_Entries supplied_

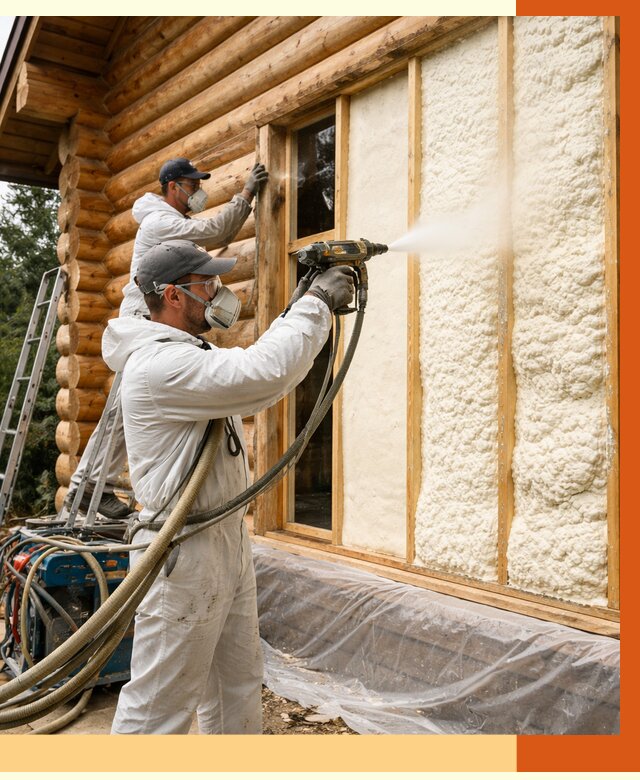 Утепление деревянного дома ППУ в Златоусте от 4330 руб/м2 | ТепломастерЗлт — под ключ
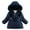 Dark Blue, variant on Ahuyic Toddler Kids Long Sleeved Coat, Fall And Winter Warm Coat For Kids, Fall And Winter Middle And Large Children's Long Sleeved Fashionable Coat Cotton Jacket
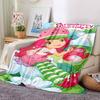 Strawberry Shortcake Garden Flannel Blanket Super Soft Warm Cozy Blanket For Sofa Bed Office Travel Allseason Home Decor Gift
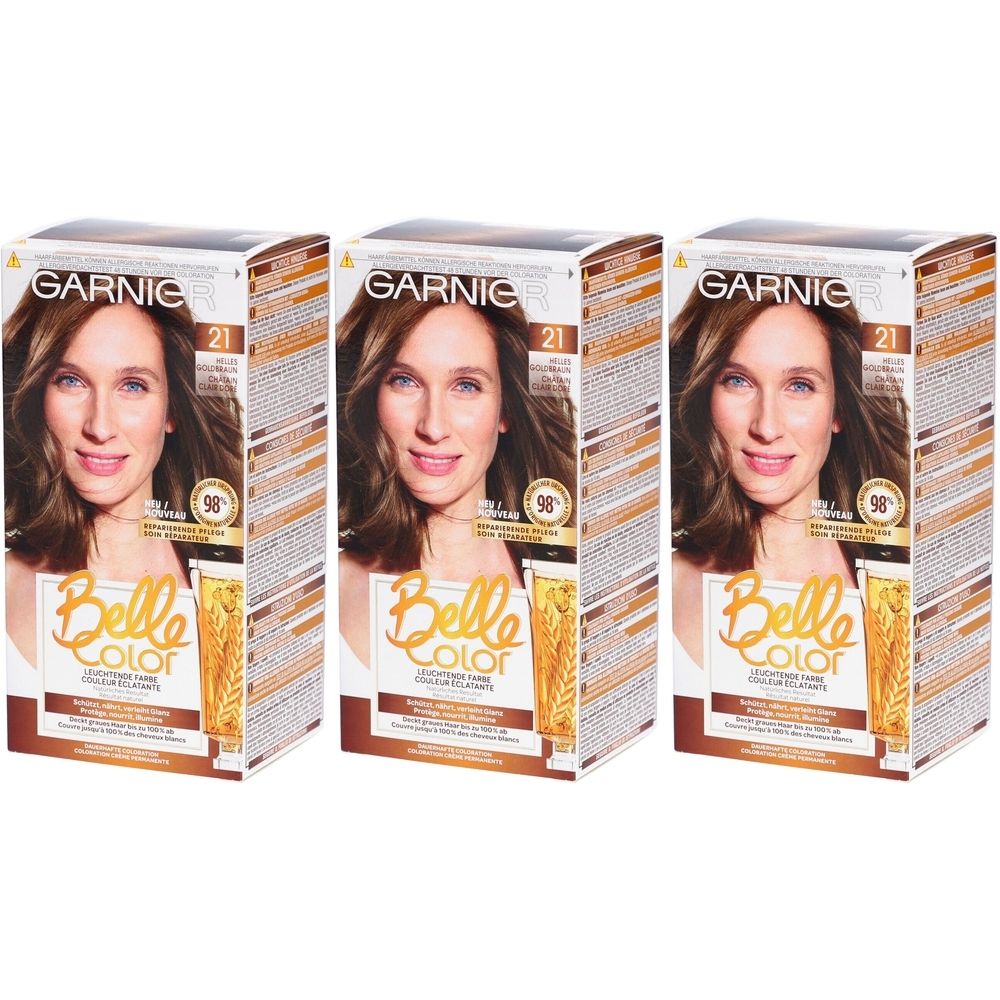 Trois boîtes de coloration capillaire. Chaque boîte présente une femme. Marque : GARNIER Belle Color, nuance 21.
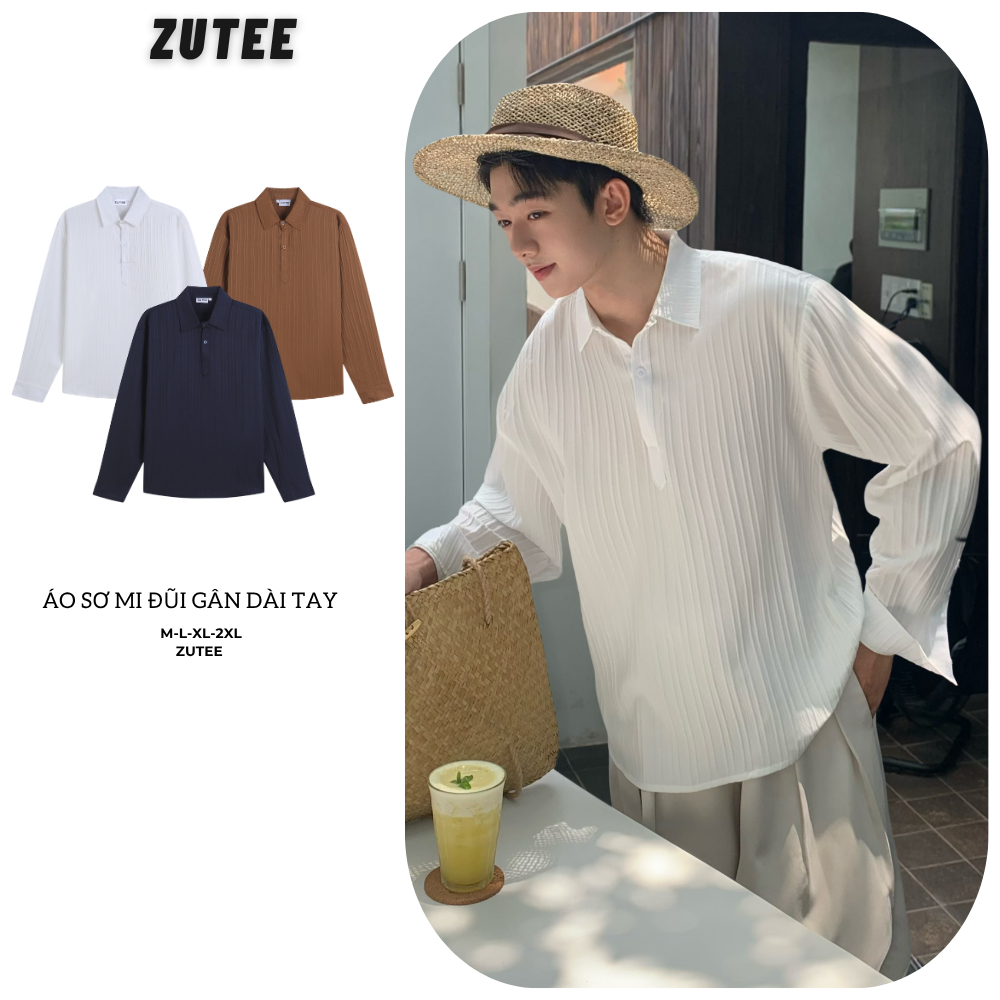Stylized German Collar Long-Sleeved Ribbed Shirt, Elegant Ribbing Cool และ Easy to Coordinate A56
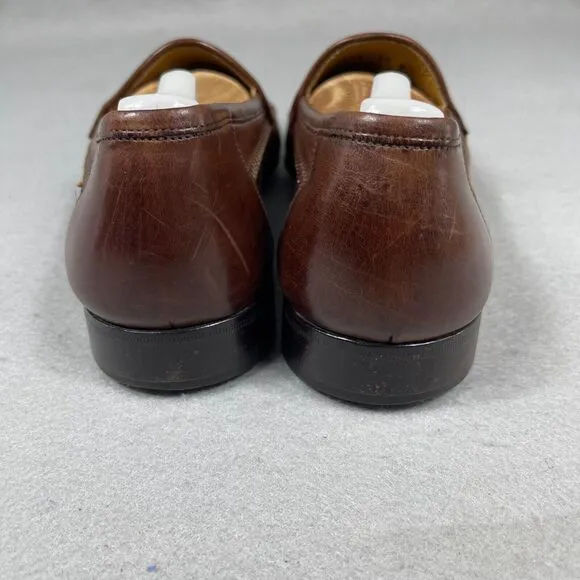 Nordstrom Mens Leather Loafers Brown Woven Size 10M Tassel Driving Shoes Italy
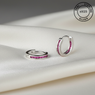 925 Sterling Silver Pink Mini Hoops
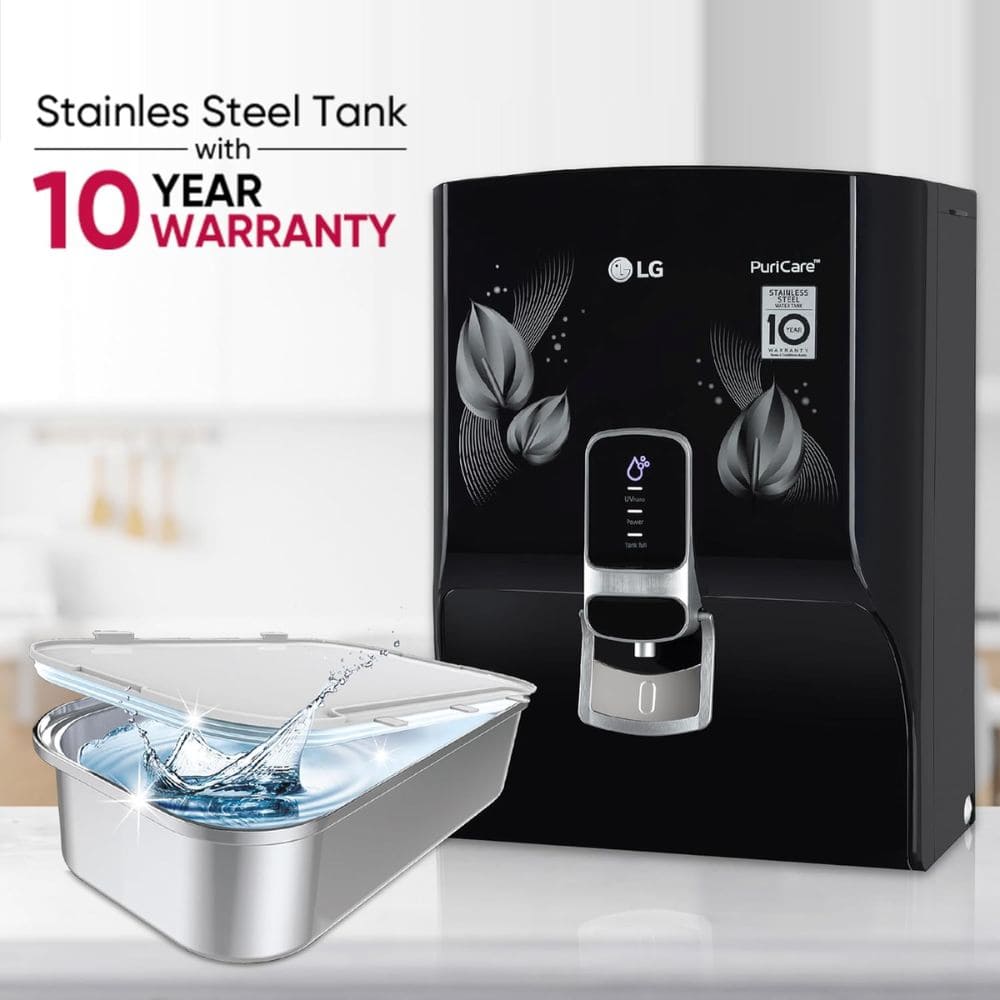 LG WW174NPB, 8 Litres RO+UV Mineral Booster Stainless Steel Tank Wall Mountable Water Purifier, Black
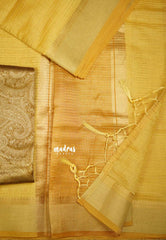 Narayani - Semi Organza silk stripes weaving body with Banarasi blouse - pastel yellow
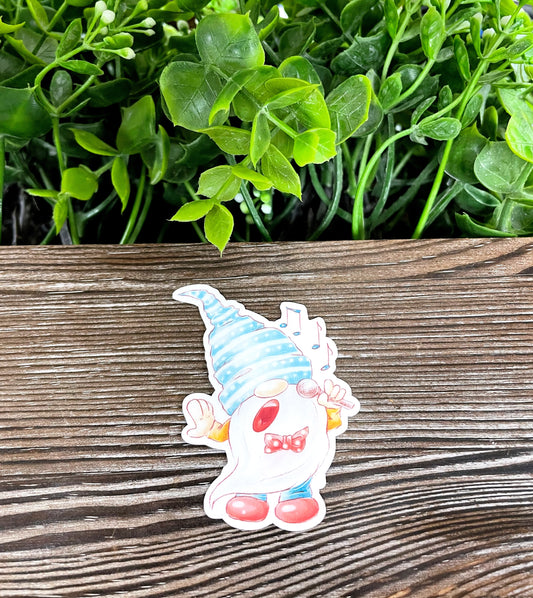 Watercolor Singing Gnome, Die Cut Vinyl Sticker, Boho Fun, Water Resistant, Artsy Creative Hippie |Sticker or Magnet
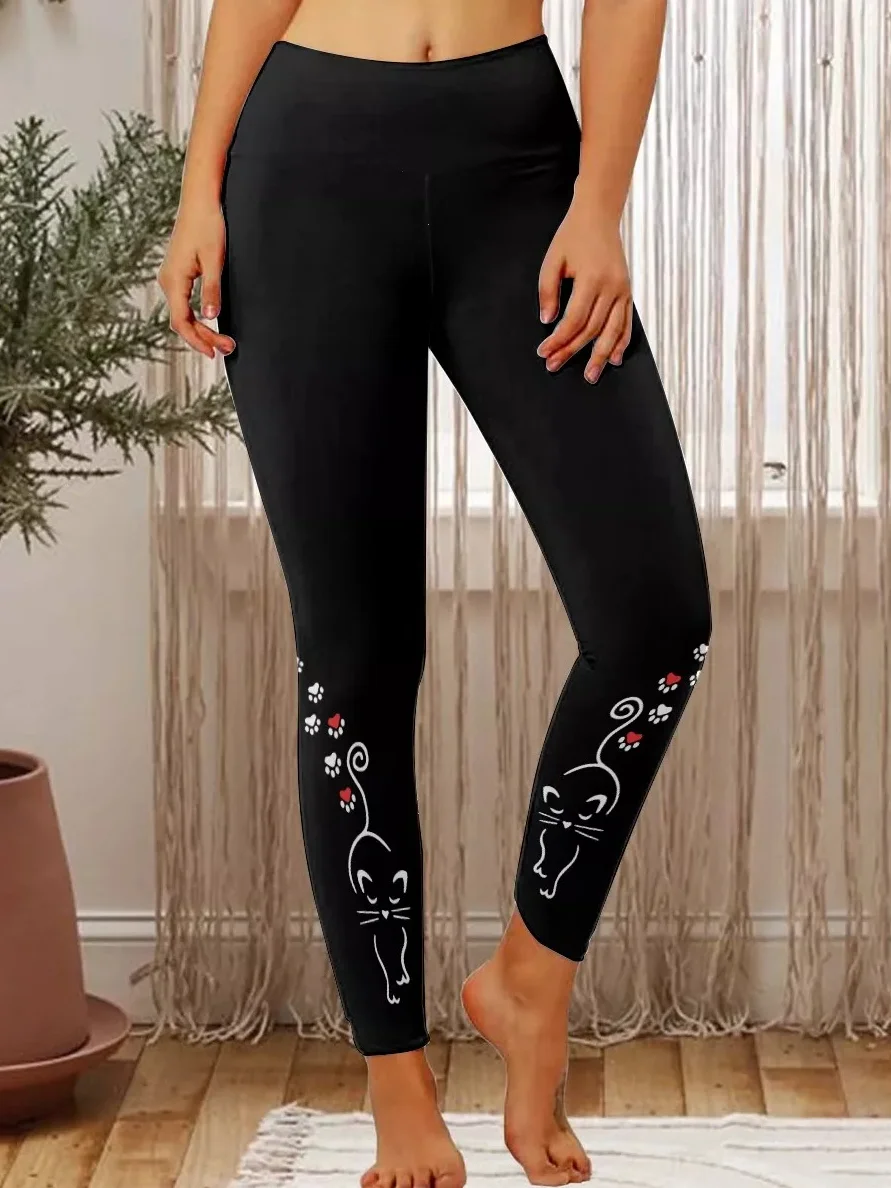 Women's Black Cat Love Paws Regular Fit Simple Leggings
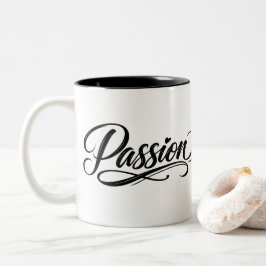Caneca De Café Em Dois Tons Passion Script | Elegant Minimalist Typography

_What you need to do_
Beginning with the line that contains "Women's Black Cat", repeat every remaining line of the data exactly, the last line included, and omit pictures.

_Written solution_
 Women's Black Cat Love Paws Regular Fit Simple Leggings
Caneca De Café Em Dois Tons Passion Script | Elegant Minimalist Typography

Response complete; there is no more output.